The Federal Reserve is expected to raise its inflation forecast for this year after higher-than-expected CPI readings this month and last. The Consumer Price Index (CPI) rose 5% in May. Economists are focusing on the 2023 forecast, as higher inflation in the future could force the Fed to change its rate forecasts or even policy. But so far, the Fed has said the rise in inflation is temporary, caused by supply chain disruptions and a short burst of pent-up demand.

Cabana mentioned that “it may become increasingly difficult for Powell to dismiss [inflation] risks as expected, and he may say ‘We’re monitoring it. … We still think it’s going to be transitional, but we’re going to monitor the data very closely.’ We’re going to see an increase in market growth and inflation forecasts this year and next. Are any of these inflationary pressures persistent? Will they last for several years? Probably not, but we’ll see,” he said. “Will the Fed raise rates in 2023? It only takes three Fed officials to switch to the rate hike camp to see that happen. We think it’s a close call, but they may not switch.” Fed officials currently expect core PCE inflation to be 2% in 2022 and 2.1% in 2023.

The Fed displays its inflation forecasts on a "dot plot," in which each Fed official has an anonymous vote. In March, the dot plot showed an 11-to-7 split against a 2023 rate hike. JPMorgan economists expect several Fed officials to change their stance and support a 2023 rate hike.

However, strategists at Bank of America do not expect officials to agree to a rate hike in 2023. "We think they will continue to maintain their 'hands off' strategy, but this will be one of the key focuses for the market."

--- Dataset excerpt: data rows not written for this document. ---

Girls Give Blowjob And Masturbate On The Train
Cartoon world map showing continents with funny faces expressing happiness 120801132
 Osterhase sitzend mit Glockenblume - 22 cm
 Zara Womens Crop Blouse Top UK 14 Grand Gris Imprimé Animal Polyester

Fed watchers are also divided over whether the central bank will make technical adjustments to some short-term interest rates.

Cabana expects the Fed to slightly increase the interest it pays on excess reserves (IOER) as pressures in short-term lending markets continue to build. The fiscal stimulus has caused a lot of money to flow into the Treasury General Account, which is the Treasury's checking account. As money has flowed out of the Treasury to pay for projects, it has found its way into the money markets and the banking system, creating a huge demand for short-term bills. This has simultaneously stimulated activity in the overnight lending market and pushed the interest rate on Treasury securities down. "Regarding IOER and the overnight reverse repo facility, we think they will make a modest adjustment to the setting of those rates, [reducing] by 2 or 3 basis points. This will be to keep the [Federal Reserve's] zero interest rate floor flexible and prevent money market funds from going negative. There is really too much cash in the banking system. Banks don't want it. They are pushing it to money market funds... and money funds are telling us they don't want the cash either. T-bill rates are around zero. ... They all want some adjustments at this meeting."